Konnten Sie im Vorfeld mit der echten Freundin eines 9/11-Attentäters sprechen?
Ich konnte mit vielen nicht sprechen, weil sie neue Identitäten haben, also gar nicht mehr zu finden sind.
Wie würden Sie Vorwürfen begegnen, dass das schreckliche Ereignis durch den Film verklärt oder bagatellisiert wird?

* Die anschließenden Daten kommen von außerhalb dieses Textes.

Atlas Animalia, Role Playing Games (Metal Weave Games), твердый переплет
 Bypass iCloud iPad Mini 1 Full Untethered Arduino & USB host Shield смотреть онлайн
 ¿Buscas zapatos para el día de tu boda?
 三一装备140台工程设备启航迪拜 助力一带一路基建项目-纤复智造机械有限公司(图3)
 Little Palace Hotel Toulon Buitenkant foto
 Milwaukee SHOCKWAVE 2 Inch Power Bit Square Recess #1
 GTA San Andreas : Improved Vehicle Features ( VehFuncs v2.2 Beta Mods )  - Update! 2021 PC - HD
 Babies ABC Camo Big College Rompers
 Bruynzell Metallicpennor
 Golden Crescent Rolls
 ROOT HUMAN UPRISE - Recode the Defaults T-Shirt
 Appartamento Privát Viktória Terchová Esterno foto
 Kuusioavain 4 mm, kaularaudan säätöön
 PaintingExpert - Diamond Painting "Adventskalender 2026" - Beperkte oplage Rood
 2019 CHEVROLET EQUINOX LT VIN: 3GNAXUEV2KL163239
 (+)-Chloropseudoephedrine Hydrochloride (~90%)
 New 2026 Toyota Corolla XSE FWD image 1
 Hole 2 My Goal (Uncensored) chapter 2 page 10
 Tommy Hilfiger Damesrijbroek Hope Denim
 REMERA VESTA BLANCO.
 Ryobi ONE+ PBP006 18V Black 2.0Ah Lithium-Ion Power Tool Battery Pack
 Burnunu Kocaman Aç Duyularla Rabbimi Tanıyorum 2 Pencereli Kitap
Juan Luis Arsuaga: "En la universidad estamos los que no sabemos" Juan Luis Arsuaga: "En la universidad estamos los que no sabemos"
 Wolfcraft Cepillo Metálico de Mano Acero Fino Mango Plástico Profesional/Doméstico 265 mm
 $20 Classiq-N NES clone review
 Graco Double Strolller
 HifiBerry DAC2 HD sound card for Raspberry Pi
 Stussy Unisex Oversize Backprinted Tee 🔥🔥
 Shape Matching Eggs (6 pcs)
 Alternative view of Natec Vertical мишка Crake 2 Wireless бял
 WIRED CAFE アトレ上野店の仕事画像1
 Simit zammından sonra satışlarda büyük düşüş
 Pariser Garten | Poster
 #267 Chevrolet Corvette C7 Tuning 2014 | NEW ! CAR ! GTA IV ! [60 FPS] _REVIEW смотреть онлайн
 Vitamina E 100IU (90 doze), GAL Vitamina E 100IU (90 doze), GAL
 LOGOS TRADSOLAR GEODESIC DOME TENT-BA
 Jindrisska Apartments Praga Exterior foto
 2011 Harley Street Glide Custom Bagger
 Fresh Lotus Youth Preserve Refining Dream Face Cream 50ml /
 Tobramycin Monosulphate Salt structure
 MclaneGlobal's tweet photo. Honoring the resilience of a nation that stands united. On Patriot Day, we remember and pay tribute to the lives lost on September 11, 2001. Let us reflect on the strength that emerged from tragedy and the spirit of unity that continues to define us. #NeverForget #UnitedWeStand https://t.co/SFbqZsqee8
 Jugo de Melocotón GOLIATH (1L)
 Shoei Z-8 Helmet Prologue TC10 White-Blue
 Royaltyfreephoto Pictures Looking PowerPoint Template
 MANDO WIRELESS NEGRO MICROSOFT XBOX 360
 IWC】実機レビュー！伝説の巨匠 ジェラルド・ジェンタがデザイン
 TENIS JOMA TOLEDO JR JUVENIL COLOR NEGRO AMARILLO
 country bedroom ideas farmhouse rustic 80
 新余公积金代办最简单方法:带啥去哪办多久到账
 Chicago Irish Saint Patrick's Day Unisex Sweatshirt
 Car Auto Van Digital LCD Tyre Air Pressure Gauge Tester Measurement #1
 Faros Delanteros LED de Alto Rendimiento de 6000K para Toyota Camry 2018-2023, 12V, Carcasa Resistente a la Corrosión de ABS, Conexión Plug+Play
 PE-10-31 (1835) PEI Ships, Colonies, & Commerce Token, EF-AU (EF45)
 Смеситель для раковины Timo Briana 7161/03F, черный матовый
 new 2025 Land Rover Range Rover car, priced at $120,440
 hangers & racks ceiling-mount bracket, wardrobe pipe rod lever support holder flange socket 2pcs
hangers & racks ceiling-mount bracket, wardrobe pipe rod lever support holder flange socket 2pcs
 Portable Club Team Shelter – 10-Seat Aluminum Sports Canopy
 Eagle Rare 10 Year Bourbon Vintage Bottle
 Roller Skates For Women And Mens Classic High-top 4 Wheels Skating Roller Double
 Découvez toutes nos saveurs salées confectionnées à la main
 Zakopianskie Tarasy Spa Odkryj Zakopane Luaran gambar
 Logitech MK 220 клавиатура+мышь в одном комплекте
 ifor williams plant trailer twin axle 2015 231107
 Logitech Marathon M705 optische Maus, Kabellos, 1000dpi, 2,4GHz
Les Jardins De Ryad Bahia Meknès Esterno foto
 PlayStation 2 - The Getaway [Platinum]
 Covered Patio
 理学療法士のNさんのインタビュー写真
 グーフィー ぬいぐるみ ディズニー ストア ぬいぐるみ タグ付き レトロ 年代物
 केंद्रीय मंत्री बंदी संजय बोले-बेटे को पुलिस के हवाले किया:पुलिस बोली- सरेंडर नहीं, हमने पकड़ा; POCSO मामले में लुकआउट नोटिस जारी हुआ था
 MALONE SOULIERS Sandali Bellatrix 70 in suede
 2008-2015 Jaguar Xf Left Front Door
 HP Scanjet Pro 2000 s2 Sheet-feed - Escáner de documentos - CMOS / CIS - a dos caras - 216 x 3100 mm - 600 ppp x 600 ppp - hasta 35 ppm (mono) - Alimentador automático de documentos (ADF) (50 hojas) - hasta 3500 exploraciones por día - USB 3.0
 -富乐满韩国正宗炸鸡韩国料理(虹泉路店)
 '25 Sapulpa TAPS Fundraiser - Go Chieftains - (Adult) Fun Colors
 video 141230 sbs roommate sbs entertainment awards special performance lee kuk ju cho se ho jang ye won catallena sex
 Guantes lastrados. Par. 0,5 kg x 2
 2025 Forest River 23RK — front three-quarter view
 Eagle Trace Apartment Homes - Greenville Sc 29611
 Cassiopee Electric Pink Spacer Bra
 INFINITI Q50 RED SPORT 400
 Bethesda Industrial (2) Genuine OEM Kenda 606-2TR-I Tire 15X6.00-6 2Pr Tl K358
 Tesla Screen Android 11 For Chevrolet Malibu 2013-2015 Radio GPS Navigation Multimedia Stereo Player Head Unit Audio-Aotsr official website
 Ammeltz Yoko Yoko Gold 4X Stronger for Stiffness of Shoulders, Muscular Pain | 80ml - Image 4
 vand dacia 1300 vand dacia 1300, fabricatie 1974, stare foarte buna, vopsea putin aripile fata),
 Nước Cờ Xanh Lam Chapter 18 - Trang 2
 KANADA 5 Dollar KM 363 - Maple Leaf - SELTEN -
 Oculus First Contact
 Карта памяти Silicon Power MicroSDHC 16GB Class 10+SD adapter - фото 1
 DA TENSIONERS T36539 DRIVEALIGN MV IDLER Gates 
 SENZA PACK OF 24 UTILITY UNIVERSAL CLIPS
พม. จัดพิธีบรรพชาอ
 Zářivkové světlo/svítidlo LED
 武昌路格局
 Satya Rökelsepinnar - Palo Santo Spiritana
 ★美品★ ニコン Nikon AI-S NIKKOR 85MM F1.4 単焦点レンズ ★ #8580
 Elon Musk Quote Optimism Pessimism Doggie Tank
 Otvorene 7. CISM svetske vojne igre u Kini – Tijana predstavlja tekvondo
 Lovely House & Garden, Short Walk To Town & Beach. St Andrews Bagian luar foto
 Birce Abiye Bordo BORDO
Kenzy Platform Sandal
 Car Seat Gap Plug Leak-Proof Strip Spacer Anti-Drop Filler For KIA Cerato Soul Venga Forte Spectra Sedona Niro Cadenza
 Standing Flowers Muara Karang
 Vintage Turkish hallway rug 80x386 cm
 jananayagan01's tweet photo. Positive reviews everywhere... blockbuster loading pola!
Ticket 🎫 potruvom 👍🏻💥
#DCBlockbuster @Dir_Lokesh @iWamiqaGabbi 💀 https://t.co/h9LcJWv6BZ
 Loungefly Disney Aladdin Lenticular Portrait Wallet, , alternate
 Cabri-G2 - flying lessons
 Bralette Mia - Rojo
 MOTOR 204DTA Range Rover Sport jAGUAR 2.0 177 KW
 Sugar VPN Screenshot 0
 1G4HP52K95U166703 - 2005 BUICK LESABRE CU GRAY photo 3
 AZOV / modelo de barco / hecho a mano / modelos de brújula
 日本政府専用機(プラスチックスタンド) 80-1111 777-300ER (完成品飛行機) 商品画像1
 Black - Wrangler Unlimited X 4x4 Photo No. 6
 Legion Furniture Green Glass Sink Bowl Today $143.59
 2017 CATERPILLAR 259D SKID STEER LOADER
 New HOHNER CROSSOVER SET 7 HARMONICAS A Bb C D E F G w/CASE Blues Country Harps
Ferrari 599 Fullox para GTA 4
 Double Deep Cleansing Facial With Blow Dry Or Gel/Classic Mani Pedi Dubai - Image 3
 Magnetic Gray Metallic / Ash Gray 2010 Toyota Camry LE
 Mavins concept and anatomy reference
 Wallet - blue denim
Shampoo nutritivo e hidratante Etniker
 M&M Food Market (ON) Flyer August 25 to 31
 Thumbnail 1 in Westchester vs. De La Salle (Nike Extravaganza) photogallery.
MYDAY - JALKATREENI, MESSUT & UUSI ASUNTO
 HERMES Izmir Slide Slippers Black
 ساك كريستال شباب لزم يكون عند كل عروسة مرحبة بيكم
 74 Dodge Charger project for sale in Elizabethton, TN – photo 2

Ich habe sieben Jahre an dem Film gearbeitet und über solche Vorwürfe natürlich nachgedacht. Und ich würde immer antworten, dass ich konsequent bei dem bleiben muss, was ich machen will, nämlich aus ihrer Perspektive zu erzählen. Für sie war er authentisch liebend. Ich konzentriere mich auf eine einzige Facette: auf die Frau eines Attentäters, darauf, wie sie sich fühlt, auf ihr Innenleben. Ich möchte auf keinen Fall das Verbrechen entschuldigen, das er begangen hat. Und verstehen kann man ihn natürlich eh nicht. Wir haben Roger für die Rolle immer gesagt: Stell dir vor, du bist drogensüchtig, dann wirst du clean, und dann kommt ein Rückfall. So hat er das gespielt.